### Task requirements
Your answer must be the exact lines of the listing below that run from the line with "Reiss Washed Black" to the line with "Collection of Book", ends included, and no pictures.

### Study material
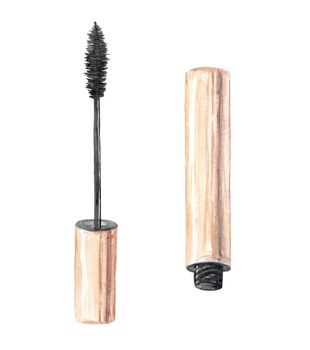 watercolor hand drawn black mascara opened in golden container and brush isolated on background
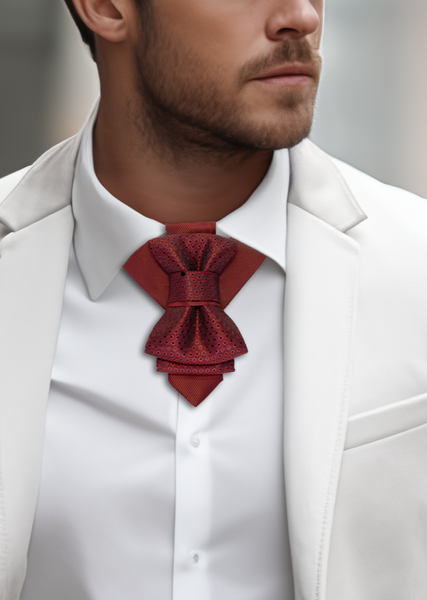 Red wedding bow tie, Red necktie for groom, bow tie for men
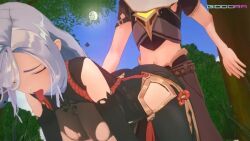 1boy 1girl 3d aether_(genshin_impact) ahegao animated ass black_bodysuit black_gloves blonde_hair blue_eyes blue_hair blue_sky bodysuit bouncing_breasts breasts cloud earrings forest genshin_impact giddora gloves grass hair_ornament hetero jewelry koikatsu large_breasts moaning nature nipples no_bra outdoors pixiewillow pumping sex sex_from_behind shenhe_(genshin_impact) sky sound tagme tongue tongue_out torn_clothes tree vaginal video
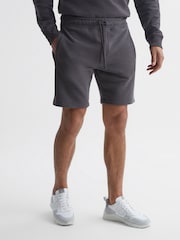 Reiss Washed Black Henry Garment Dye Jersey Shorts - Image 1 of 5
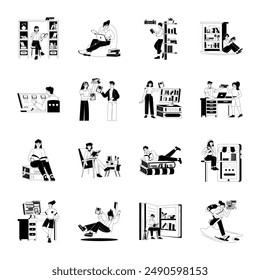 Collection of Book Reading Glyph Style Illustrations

...

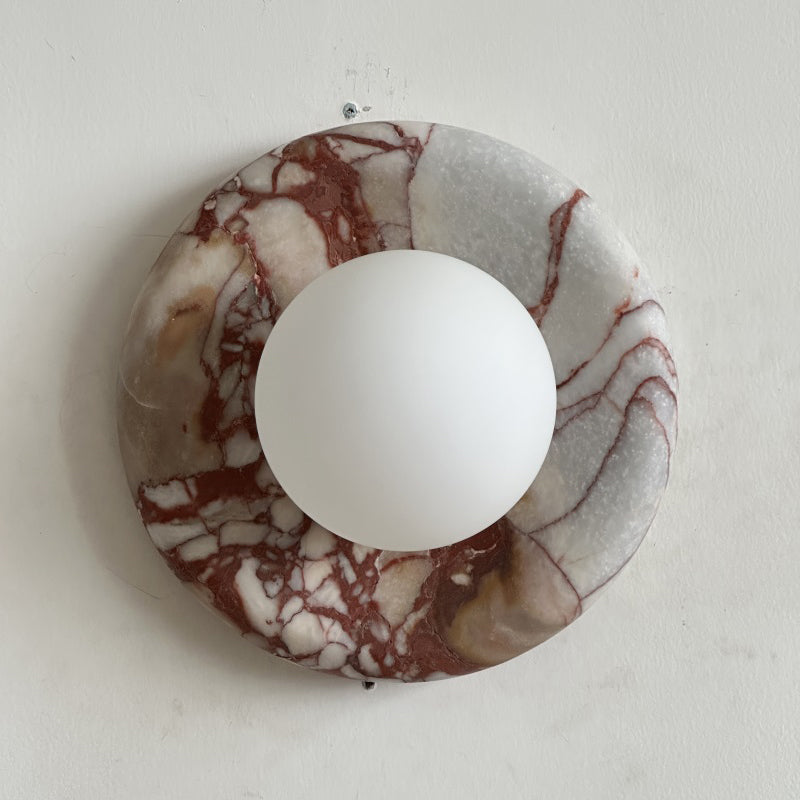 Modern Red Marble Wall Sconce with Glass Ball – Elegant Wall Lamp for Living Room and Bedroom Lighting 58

### Response to this task
 Reiss Washed Black Henry Garment Dye Jersey Shorts - Image 1 of 5
 Collection of Book Reading Glyph Style Illustrations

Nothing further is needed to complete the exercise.